The records =>

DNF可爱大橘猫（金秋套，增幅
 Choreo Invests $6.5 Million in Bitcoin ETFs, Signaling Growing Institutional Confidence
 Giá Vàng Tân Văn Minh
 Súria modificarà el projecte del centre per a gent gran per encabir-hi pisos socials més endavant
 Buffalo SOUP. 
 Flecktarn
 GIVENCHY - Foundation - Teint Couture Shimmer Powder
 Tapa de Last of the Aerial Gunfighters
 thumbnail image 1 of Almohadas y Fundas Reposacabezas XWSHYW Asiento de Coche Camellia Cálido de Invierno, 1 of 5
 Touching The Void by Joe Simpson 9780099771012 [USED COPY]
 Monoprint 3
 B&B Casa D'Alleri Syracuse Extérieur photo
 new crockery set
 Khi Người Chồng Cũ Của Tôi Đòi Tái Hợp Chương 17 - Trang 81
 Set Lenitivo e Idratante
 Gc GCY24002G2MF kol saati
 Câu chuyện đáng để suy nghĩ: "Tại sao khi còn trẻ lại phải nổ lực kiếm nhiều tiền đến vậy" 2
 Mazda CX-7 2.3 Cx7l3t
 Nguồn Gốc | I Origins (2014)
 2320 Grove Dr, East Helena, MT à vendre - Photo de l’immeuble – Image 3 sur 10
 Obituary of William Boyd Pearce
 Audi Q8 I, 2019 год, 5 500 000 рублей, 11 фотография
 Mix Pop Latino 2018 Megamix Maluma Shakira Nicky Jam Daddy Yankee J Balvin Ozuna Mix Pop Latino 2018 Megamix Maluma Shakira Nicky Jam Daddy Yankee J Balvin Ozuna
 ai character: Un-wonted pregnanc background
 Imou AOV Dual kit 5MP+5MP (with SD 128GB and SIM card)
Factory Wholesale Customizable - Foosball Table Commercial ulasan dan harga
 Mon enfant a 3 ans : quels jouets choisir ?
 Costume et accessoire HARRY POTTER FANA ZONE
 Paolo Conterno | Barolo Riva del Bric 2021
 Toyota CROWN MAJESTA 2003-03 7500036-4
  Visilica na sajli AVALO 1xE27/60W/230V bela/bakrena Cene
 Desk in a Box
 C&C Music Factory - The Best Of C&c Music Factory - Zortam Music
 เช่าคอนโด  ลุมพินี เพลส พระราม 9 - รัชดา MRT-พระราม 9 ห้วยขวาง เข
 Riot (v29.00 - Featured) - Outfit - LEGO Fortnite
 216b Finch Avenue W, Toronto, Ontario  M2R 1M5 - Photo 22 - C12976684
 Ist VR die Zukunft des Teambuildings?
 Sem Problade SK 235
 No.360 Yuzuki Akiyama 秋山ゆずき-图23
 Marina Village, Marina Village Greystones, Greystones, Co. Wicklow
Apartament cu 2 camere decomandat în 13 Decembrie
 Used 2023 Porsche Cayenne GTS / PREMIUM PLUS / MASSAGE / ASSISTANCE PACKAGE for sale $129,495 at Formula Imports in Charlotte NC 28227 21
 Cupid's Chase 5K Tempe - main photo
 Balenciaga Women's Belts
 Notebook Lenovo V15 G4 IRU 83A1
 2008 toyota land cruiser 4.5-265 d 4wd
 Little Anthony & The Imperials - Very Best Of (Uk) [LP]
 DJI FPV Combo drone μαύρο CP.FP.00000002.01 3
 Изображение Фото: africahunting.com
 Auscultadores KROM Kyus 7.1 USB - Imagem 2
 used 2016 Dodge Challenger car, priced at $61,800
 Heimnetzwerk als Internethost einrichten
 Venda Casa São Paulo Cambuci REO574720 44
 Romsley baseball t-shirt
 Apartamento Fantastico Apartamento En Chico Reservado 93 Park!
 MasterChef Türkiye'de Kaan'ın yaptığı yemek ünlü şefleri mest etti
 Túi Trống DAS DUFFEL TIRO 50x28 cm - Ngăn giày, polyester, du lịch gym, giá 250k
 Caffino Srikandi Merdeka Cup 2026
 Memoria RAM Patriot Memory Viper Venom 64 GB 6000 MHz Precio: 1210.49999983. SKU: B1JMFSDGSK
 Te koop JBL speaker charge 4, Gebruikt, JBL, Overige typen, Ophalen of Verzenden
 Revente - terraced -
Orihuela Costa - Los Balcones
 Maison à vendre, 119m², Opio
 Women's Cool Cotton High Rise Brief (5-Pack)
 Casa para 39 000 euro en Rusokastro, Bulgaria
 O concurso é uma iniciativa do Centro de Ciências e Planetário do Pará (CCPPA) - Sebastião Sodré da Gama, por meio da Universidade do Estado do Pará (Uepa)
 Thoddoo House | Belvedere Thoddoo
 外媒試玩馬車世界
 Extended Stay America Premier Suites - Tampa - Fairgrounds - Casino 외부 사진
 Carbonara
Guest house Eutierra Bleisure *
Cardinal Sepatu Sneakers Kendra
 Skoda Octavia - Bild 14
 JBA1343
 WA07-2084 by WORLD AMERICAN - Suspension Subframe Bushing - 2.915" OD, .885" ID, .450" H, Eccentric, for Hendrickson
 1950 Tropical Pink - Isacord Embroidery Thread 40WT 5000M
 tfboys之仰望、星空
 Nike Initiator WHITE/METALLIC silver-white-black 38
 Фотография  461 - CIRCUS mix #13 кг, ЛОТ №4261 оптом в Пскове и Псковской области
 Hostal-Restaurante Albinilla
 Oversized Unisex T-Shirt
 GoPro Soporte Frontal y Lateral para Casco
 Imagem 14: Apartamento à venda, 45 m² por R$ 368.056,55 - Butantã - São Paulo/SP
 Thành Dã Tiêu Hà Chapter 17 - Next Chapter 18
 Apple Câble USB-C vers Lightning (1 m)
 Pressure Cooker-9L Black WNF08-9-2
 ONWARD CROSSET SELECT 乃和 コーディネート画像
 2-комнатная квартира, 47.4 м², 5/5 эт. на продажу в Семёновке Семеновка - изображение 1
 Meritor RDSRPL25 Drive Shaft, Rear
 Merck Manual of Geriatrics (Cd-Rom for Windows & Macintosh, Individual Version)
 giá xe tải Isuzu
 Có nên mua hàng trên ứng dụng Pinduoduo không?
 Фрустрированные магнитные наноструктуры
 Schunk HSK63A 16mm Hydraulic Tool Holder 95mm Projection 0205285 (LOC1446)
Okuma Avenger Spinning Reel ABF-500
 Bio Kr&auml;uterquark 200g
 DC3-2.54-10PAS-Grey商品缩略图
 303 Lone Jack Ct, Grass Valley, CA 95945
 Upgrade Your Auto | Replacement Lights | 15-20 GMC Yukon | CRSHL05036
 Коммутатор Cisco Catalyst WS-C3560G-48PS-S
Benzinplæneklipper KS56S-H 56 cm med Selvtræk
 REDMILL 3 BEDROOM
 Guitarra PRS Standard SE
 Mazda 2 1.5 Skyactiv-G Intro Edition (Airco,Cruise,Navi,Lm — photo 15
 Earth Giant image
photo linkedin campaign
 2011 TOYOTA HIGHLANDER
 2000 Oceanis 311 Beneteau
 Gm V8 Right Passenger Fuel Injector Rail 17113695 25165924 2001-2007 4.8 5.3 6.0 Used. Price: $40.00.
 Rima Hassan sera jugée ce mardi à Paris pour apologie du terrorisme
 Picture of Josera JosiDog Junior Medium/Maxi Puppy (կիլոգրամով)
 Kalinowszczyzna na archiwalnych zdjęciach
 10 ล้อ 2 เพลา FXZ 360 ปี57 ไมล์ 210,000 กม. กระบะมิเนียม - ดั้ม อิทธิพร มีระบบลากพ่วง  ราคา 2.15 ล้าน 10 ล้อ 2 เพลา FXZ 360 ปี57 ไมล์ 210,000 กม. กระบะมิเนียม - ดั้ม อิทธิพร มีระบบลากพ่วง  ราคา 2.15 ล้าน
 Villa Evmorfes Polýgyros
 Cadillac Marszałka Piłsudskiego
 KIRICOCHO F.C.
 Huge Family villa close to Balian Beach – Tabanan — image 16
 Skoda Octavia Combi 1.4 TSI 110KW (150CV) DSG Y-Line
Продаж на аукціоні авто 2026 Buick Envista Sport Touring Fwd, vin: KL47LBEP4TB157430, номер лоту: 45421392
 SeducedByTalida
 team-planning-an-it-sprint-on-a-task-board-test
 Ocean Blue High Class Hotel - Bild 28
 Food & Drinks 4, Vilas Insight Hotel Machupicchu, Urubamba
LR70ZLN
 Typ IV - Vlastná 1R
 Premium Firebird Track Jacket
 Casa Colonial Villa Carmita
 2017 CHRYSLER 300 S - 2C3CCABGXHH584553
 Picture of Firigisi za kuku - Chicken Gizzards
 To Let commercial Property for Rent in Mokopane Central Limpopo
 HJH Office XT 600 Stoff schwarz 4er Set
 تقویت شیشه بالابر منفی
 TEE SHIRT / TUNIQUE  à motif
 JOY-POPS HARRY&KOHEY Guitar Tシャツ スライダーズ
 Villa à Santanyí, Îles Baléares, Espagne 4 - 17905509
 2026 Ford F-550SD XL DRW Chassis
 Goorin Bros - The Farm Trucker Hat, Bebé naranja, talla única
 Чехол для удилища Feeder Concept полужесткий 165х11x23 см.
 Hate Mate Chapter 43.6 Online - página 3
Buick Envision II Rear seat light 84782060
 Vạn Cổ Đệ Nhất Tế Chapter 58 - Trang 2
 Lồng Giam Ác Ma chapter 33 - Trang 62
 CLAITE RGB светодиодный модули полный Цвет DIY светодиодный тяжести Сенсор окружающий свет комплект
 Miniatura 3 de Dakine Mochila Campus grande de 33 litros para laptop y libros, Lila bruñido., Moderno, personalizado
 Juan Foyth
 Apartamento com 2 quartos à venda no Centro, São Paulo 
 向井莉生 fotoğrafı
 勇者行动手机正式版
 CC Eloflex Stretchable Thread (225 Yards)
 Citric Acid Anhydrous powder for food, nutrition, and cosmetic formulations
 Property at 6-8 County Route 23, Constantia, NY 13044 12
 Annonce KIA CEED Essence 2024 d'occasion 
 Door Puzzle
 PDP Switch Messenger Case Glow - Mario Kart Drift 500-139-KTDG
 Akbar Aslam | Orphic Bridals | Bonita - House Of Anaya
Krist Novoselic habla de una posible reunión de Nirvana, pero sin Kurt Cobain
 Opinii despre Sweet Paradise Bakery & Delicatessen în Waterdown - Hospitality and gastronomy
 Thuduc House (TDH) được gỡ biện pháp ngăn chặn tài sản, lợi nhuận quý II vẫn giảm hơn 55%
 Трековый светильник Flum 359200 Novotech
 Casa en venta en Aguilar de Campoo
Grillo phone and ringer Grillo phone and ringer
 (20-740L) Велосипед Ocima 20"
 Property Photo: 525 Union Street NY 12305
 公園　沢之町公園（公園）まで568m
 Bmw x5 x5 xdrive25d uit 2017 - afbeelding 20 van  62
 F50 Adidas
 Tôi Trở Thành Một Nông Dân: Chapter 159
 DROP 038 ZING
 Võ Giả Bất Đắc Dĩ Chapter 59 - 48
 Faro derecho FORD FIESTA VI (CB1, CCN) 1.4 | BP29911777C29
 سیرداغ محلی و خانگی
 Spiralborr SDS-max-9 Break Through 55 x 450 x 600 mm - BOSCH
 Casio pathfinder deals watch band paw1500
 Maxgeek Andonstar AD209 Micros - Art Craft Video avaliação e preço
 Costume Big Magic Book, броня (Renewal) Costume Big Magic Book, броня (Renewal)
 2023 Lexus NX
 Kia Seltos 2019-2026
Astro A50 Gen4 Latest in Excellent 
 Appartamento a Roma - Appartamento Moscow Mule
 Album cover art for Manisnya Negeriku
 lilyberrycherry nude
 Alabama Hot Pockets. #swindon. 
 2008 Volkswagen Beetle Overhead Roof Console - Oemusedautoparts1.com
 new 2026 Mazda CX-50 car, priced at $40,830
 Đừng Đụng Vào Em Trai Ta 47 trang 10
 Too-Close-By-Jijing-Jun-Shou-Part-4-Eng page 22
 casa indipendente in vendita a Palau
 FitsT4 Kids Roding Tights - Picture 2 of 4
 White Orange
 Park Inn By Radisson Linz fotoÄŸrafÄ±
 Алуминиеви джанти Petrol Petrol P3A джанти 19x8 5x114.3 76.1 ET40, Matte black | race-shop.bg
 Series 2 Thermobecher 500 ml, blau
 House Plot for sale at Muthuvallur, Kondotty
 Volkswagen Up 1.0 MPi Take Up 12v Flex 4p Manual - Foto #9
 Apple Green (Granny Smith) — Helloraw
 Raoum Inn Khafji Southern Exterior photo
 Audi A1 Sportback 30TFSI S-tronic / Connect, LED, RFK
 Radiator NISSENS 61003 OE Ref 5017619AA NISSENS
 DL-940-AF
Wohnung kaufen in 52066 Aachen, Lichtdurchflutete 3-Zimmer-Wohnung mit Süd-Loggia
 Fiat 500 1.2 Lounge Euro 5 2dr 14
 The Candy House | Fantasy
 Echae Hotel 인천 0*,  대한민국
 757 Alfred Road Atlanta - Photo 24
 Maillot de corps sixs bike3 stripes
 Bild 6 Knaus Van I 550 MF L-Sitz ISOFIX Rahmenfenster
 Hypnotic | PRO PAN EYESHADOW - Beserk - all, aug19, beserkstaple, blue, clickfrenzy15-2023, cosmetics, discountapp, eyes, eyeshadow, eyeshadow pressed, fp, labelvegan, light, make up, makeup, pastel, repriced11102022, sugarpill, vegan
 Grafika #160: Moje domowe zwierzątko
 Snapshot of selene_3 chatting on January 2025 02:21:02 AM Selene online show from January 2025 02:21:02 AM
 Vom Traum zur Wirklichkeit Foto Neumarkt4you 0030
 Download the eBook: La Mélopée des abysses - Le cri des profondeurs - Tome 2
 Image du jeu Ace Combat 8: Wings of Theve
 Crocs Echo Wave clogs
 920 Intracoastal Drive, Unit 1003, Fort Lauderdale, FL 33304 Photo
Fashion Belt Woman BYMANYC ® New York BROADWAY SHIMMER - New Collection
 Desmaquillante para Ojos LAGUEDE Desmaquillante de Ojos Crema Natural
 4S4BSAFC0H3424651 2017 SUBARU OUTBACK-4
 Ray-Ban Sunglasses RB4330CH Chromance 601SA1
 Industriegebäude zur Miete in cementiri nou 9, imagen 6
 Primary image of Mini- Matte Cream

What you need to do =>
Within the material above, the line with "Apartamento com 2" opens the range and the line with "Tôi Trở Thành Một Nông Dân: Chapter 159" closes it; reproduce that range word for word.

Problem solution =>
 Apartamento com 2 quartos à venda no Centro, São Paulo 
 向井莉生 fotoğrafı
 勇者行动手机正式版
 CC Eloflex Stretchable Thread (225 Yards)
 Citric Acid Anhydrous powder for food, nutrition, and cosmetic formulations
 Property at 6-8 County Route 23, Constantia, NY 13044 12
 Annonce KIA CEED Essence 2024 d'occasion 
 Door Puzzle
 PDP Switch Messenger Case Glow - Mario Kart Drift 500-139-KTDG
 Akbar Aslam | Orphic Bridals | Bonita - House Of Anaya
Krist Novoselic habla de una posible reunión de Nirvana, pero sin Kurt Cobain
 Opinii despre Sweet Paradise Bakery & Delicatessen în Waterdown - Hospitality and gastronomy
 Thuduc House (TDH) được gỡ biện pháp ngăn chặn tài sản, lợi nhuận quý II vẫn giảm hơn 55%
 Трековый светильник Flum 359200 Novotech
 Casa en venta en Aguilar de Campoo
Grillo phone and ringer Grillo phone and ringer
 (20-740L) Велосипед Ocima 20"
 Property Photo: 525 Union Street NY 12305
 公園　沢之町公園（公園）まで568m
 Bmw x5 x5 xdrive25d uit 2017 - afbeelding 20 van  62
 F50 Adidas
 Tôi Trở Thành Một Nông Dân: Chapter 159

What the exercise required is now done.